▶ [Data provided]
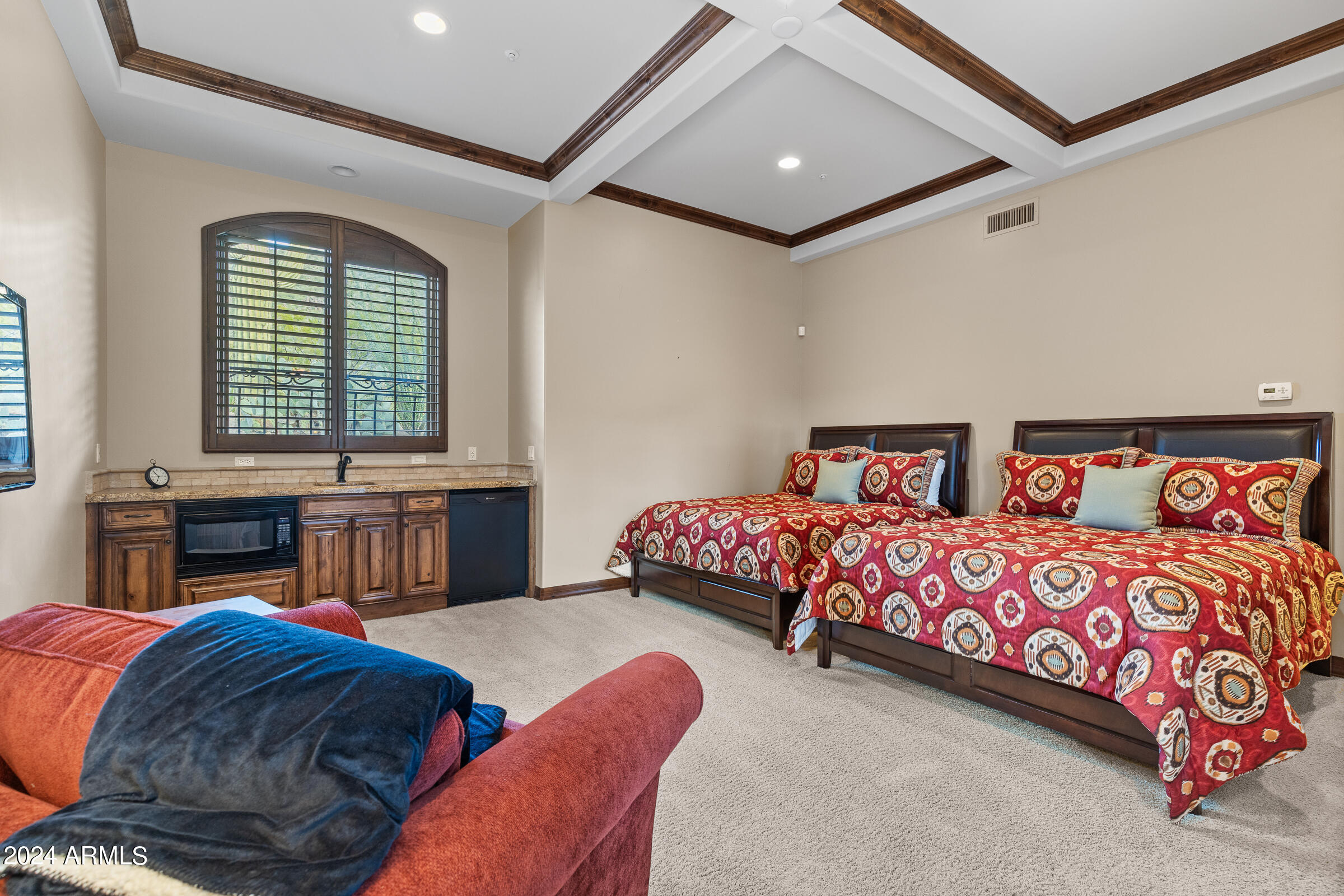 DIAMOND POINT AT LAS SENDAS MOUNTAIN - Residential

---

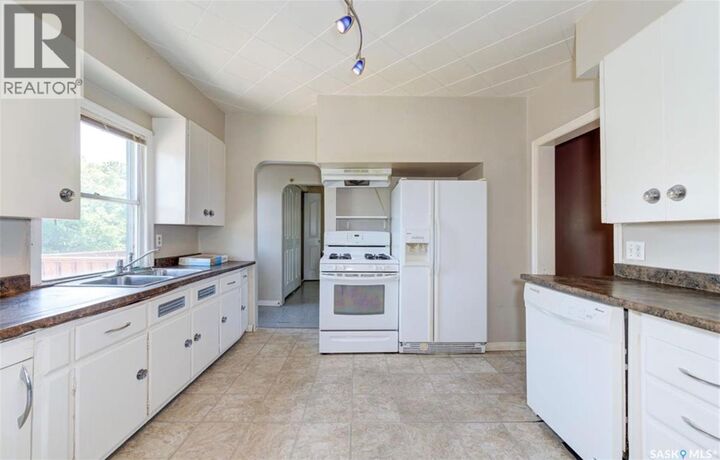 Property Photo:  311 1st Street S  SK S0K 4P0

* * *

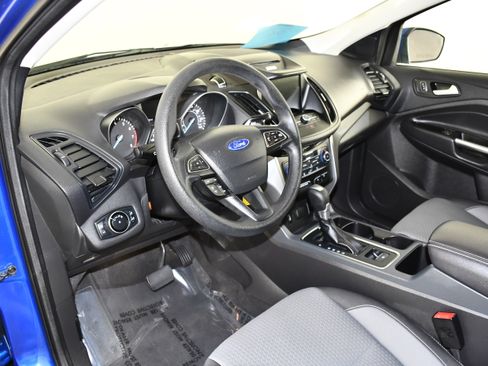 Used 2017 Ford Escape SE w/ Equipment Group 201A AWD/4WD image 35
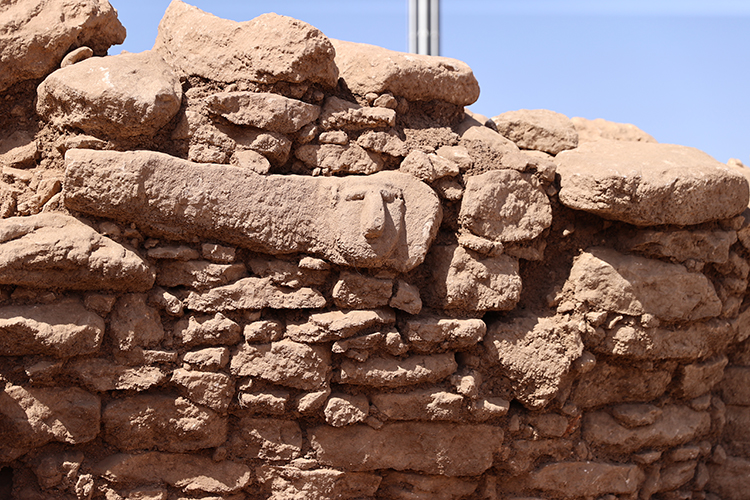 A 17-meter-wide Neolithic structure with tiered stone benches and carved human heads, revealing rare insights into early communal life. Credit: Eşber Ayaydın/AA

▶ [What the task requires] Among the entries above, take the line with "Used 2017 Ford", the line with "A 17-meter-wide Neolithic", and all the lines between them, and restate them word for word without pictures.

▶ [Task result]
 Used 2017 Ford Escape SE w/ Equipment Group 201A AWD/4WD image 35
 A 17-meter-wide Neolithic structure with tiered stone benches and carved human heads, revealing rare insights into early communal life. Credit: Eşber Ayaydın/AA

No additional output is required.